How can anyone take President Obama seriously when he tells us our national debt is no big deal? Well, we have to take him seriously, because, unserious thinking or not, he has serious power, including the power to obstruct progress on reducing the debt.
I'm not making this up, of course, which is too bad because it illustrates why it is so hard for Republicans to work with this man. He neither views the fiscal world from the same lens nor shares the goal of significant debt reduction.
In an interview with ABC News' George Stephanopoulos, Obama said, "We don't have an immediate crisis in terms of debt.

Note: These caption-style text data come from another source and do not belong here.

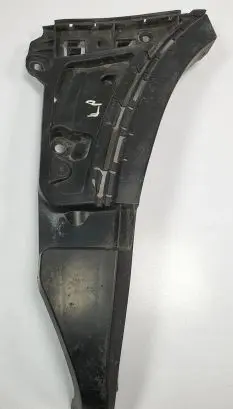 Volvo XC90 Front bumper mounting bracket 08620563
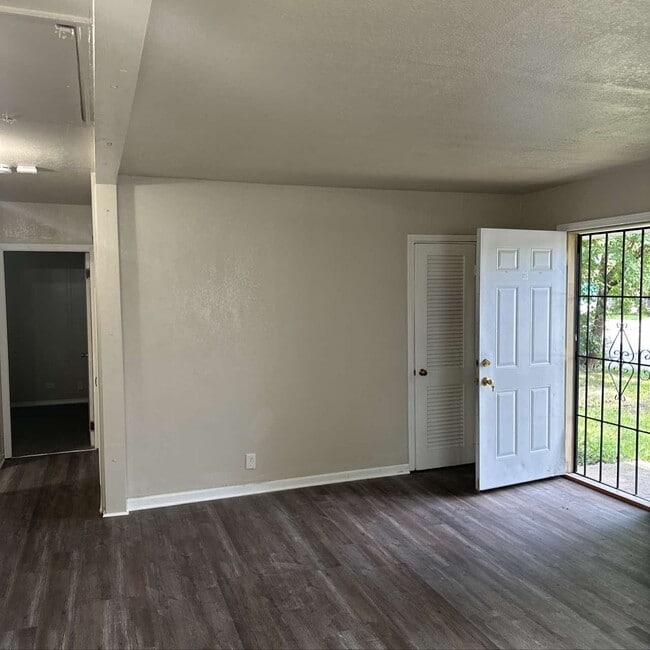 Photo - 5817 N Teutonia Ave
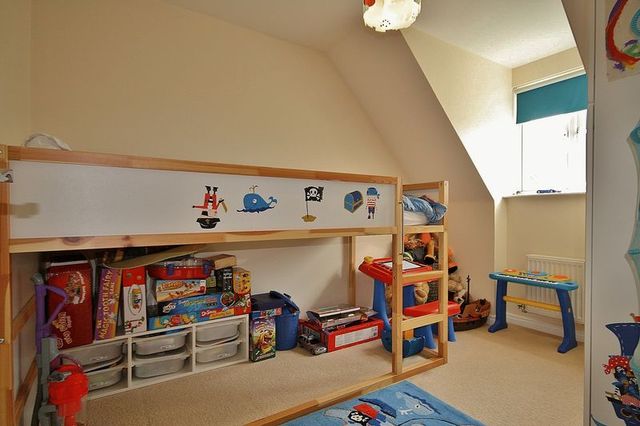  Image of 3 bedroom Terraced house for sale in Northfield Road Witney OX28 at Northfield Road  Witney, OX28 1FY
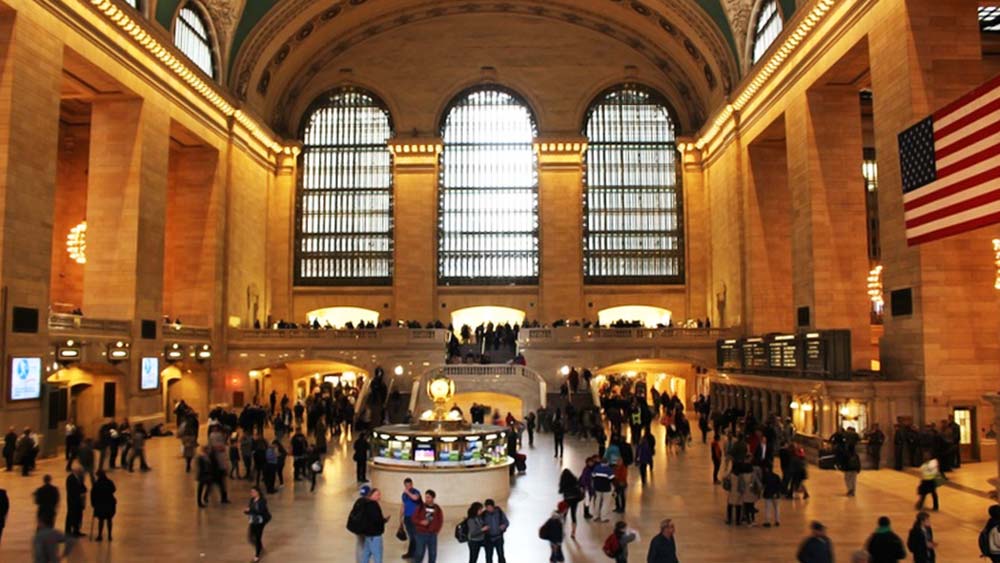 গ্র্যান্ড সেন্ট্রাল মেট্রো স্টেশনের প্ল্যাটফর্মে ভিক্ষাও করেছেন তিনি। এক সাক্ষাৎকারে ডেভিড জানিয়েছেন, সারা দিনে তিনি কী খাবেন তা নির্ভর করত স্টেশনের যাত্রীদের দাক্ষিণ্যের উপর।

In fact, for the next 10 years, it's going to be in a sustainable place."
Not only is that delusional on its face based on what we already know but there is no telling what kinds of financial strains his favorite monster, Obamacare, is going to have on the debt or what kinds of extraordinary circumstances might necessitate spending surges over the next decade.

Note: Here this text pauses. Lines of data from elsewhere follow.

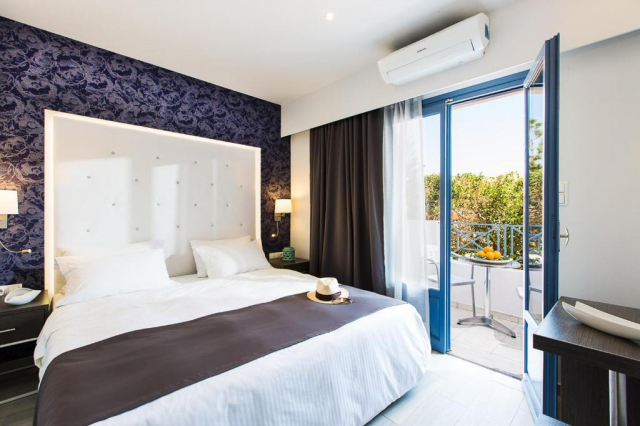 Sejur in Creta: 660 euro cazare 7 nopti cu All inclusive+ transport avion+ toate taxele
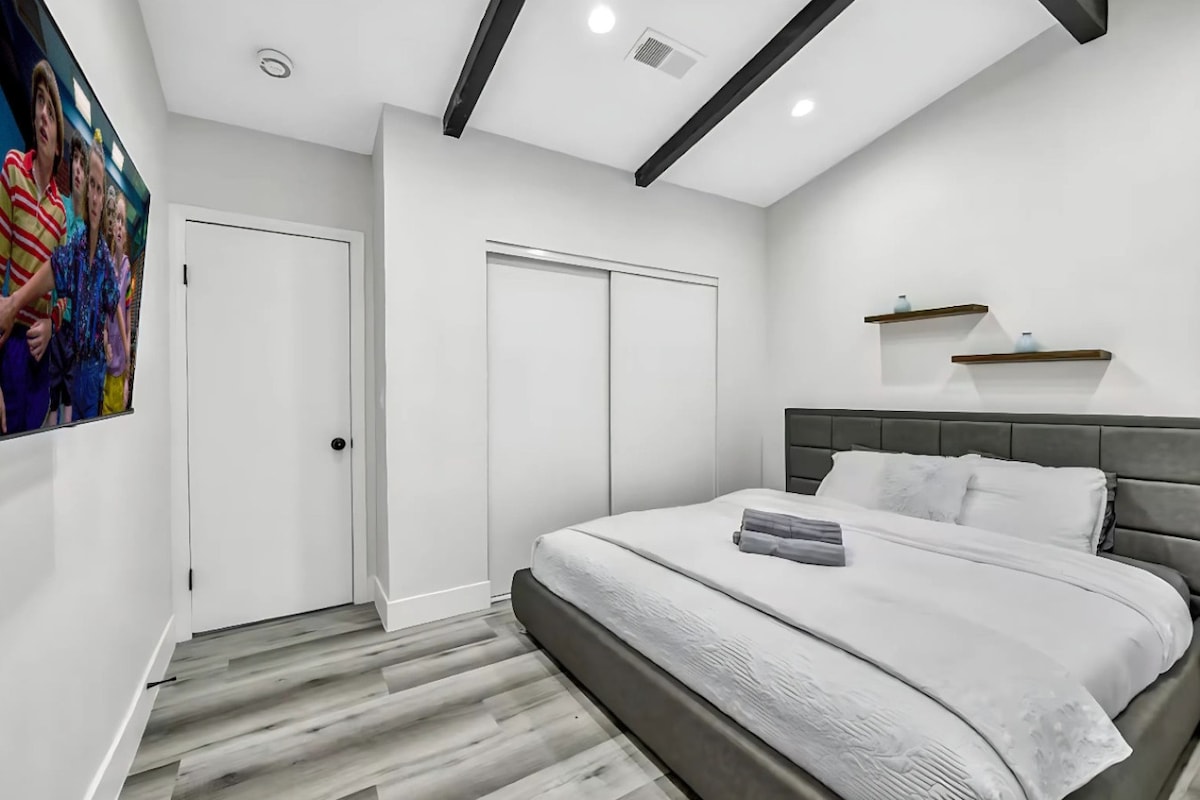 Spálňa 2 – manželská posteľ s veľmi pohodlným matracom, zatiaľ čo malý spí pokojne v detskej postieľke z obývacej izby. Zatemňovacie závesy zabezpečujú dokonalý odpočinok pre všetkých a inteligentná televízia s vysokým rozlíšením poskytuje tichú zábavu.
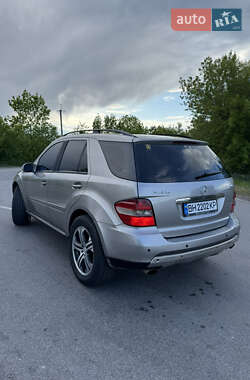 Позашляховик / Кросовер Mercedes-Benz M-Class 2005 в 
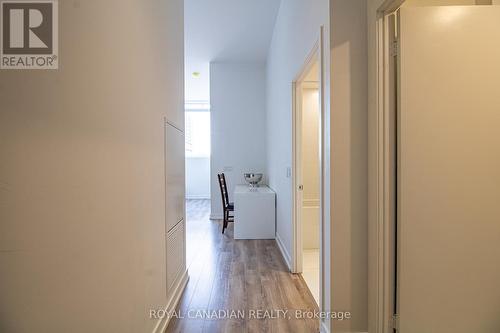 #404 -20 Edward St, Toronto, ON - Indoor Photo Showing Other Room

But we needn't speculate about unknowns, because the knowns are horrifying enough. The enormity of our annual interest payments on the debt alone renders Obama's dismissiveness about the debt surreal.
Obama carried his bizarre insouciance about the debt into his photo op meetings with congressional Republicans as part of his cynically conceived "charm offensive." According to Roll Call, Obama indicated to Republicans that "balancing the budget over the next 10 years is not on his priority list."
Let's stop right there. Please tell me, you romantic advocates for bipartisan harmony, how the GOP can work with a man to solve an undeniable debt crisis when his blind apathy makes Mad magazine's Alfred E. Neuman look engaged?
House Speaker John Boehner framed the problem quite accurately when he summarized the parties' respective positions. "Republicans want to balance the budget. The president doesn't," said Boehner. "Republicans want to solve our long-term debt problem. The president doesn't. We want to unlock our energy resources to put more Americans back to work. The president doesn't."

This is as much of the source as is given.